Although Ali’s case is extreme (90% of Palestinians say they
would not return to live within the state of Israel even if they
could) it is cases like his that make the situation appear as
hopeless as it does.
~
So perhaps even more
surprising then that Sabra can appear so full of hope. On a
Thursday morning it throbs and pulses beneath buildings that
still bear the scars of a twenty year old war. It is 36ºC in the
shade and smelling thickly of petrol, rotting vegetation, and
old meat. Stalls selling fake anything sprawl across the street
while cars park on the pavement. The gutters are awash with
something black.
“Mister, mister,
hello, Mister, thank you, welcome, hello!” someone shouts from
near my waist, the call any visitor hears a dozen times a day
here, and I bend down to talk to Hamed, who is around twelve and
running his uncle’s clothing stall. He is selling low quality
fake jeans for $5, modelled from Moschinos that go for around
$120 twenty blocks away in upmarket Solidere.
“Where are you from,
Hamed?” I ask him, while my wife sorts through a pile of
T-shirts that announce things like “Let’s not extinct animal.”
He shrugs, “Sabra.”
Not Beirut, not
Lebanon, not Palestine or Israel, but the name of his sweltering
suburb, a symbol of war and hope and despair, but a place at
least, with a name of its own.
~
The troops pulled out
of Beirut late in 1982, moving south to occupy a “buffer zone”

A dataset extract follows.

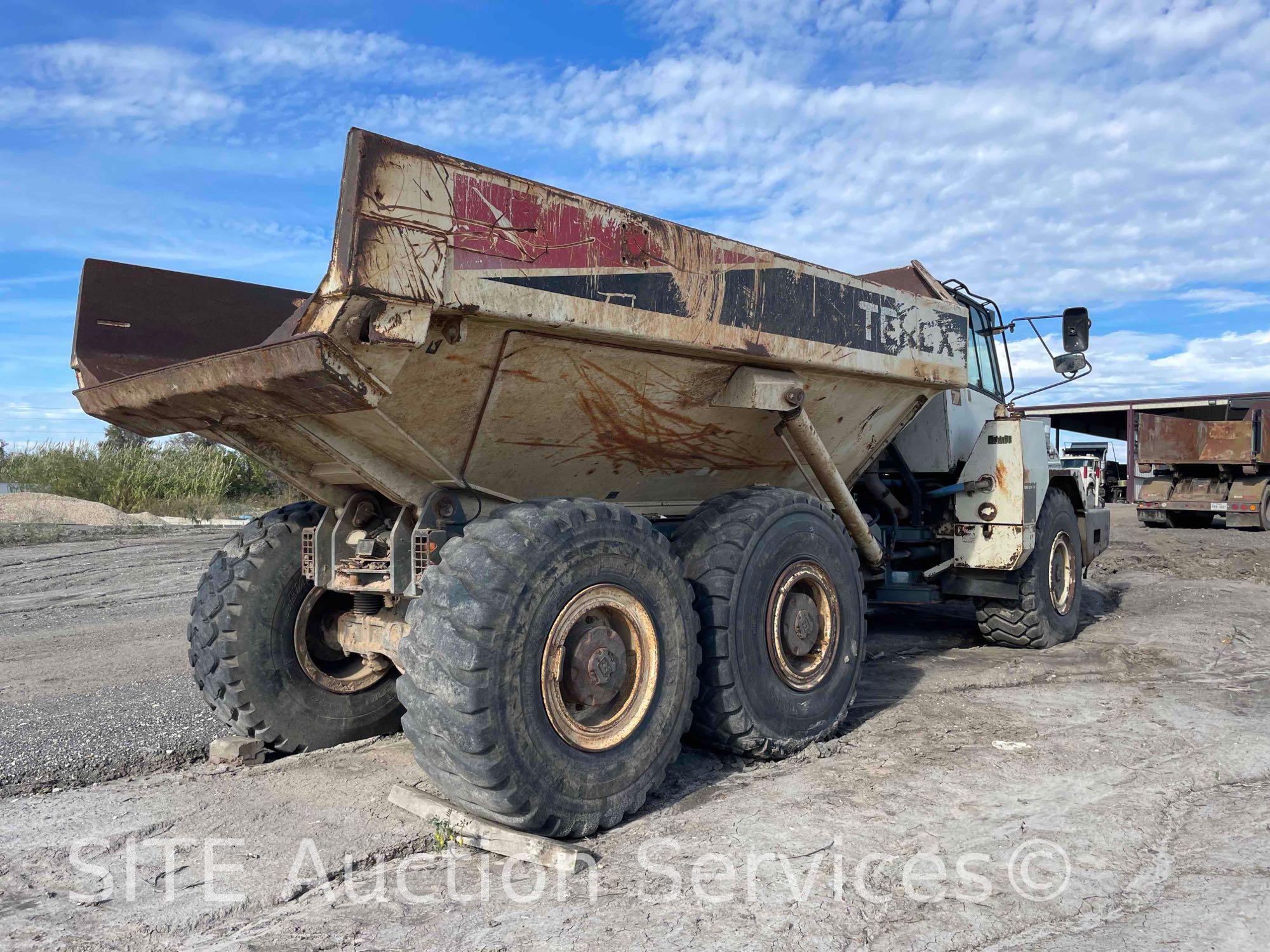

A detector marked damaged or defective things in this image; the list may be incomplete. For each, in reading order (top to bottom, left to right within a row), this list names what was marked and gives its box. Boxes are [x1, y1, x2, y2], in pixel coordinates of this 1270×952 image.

rusty dump body [77, 127, 970, 531]
rusty dump body [1138, 409, 1270, 533]
rusty wheel hub [541, 586, 660, 757]
rusty wheel hub [767, 566, 838, 696]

from which they were unable to leave for a generation. The
establishment of a Lebanese proxy force, the SLA, did little to
alter the perception that Israel was mired in a swamp.
I remember my friend
Gabi coming home after his tour of Lebanon in 1984. He seemed
depressed, defensive.
“How bad can it be?” I
teased him, “When you live in a place like this?”
“You don’t know what
kind of place it is!” he snarled back.
At the time his words
meant little – we all knew they’d been bitter fighting – but
back home some months later I read an in-depth account of the
massacres at Sabra and Shatila and got a hint of what he had
meant.
“When someone steps on
our foot, we cut off his head” Israeli Chief of Staff Rafael
Eitan had said, but few of us realised they had begun killing
his family as well.
Israel had become its
own enemy, an animal gnawed by demons of doubt and self-loathing
it could never admit to itself, let alone reveal to an
increasingly vituperative West.
~
One afternoon I head
up to Byblos for a swim, walking down past the castle, part
Persia, part-Crusader, that dominates the waterfront. It’s been
beautifully restored, in parts, and sits above a tiny fishing
harbour and a couple of excellent cafes.
It reminds me, though,
that war has always come this way, north from Europe and
Istanbul, east from Damascus, west from Rome, and most recently,
south from Jerusalem. Lebanon is what it has been for 4,000
years – a way station, a trading post, a thoroughfare for armies
on their way to other places.
The castles have been
conquered and re-built again so many times it’s hard to tell
whether they were originally Persian, Mamaluke or Umayyad. Even
Ras Beirut has been restored, its thirty-year-old wounds now
barely evident.
Except in the memory
of people like Ali, lonely and unemployed on his cliff-top
vantage point, and even then, not in the minds of children like
Hamed, hawking jeans in Sabra, too young yet for the labels of
Palestine or Shi’ite or Jew or Druze or Lebanon.
Perhaps now, finally,
his generation can live without them.